Bull-leaping fresco. A stapple of Minoan art.

The bull is extensively depicted in Minoan art. Most common are bull-leaping frescos depicting youths of both genders leaping or interacting with bulls, suggesting this was a common Minoan sport and perhaps even a religious ritual. But bulls are depicted in many other contexts as well, and as such the existence of an actual Minoan bull god is frequently speculated upon.

In Near-Eastern cultures, bulls are both solar and lunar symbols. On the one hand, the bull’s horn/s resemble/s a lunar crescent, and indeed not only are Middle Eastern male moon gods like Nanna and Suen associated with the bull but even the Greek Selene is described as having a chariot pulled by bulls, suggesting that not even a shift towards a feminine moon deity erased this iconography. On the other hand, a bull is a powerful animal and thus worthy of male solar gods, most notably the Mesopotamian Marduk (literally “calf of the sun”). Sometimes both interpretations show up in the same culture: in Egypt the Apis bull is associated both with Ra and with Osiris as Yah (the moon). Perhaps the same applied to ancient Crete (again, see Talos below), but a lunar bull would certainly be a vivid symbol contrasted against the sun goddess.

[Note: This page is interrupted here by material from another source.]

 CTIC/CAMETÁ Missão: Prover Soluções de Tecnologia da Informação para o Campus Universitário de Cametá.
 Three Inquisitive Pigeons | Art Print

The bull is associated with Dionysus which otherwise is mired in more “exotic” symbols, suggesting that the putative “Minoan Dionysus” might be the bull god. It has long been speculated that the bull god is a male youth and son and consort to the queen of the gods, though women are also depicted bull leaping.

The Greek minotaur has long been speculated to be a remnant of the Minoan bull god, not without reason being so throughly linked with Crete as a concept. In this case, the monstrous depiction is either fully discontinuous from older practises or defamatory, with my personal two cents that it is also a jab against the bull gods of the Phoenicians, accused at the time of human sacrifice by the (infant killing) Greeks. Asterion is said to be the birth name of the minotaur by Pseudo-Apollodorus, but I wouldn’t read much into this since this name (literally “starry one”) is a common Greek name for many figures both historical and mythological, and at any rate a recent Indo-European name at odds with the most likely Pre-Greek Cretan languages.

“Dionysus”

“Prince of the Lilies” fresco, often but by no means universally interpreted as a male youth figure.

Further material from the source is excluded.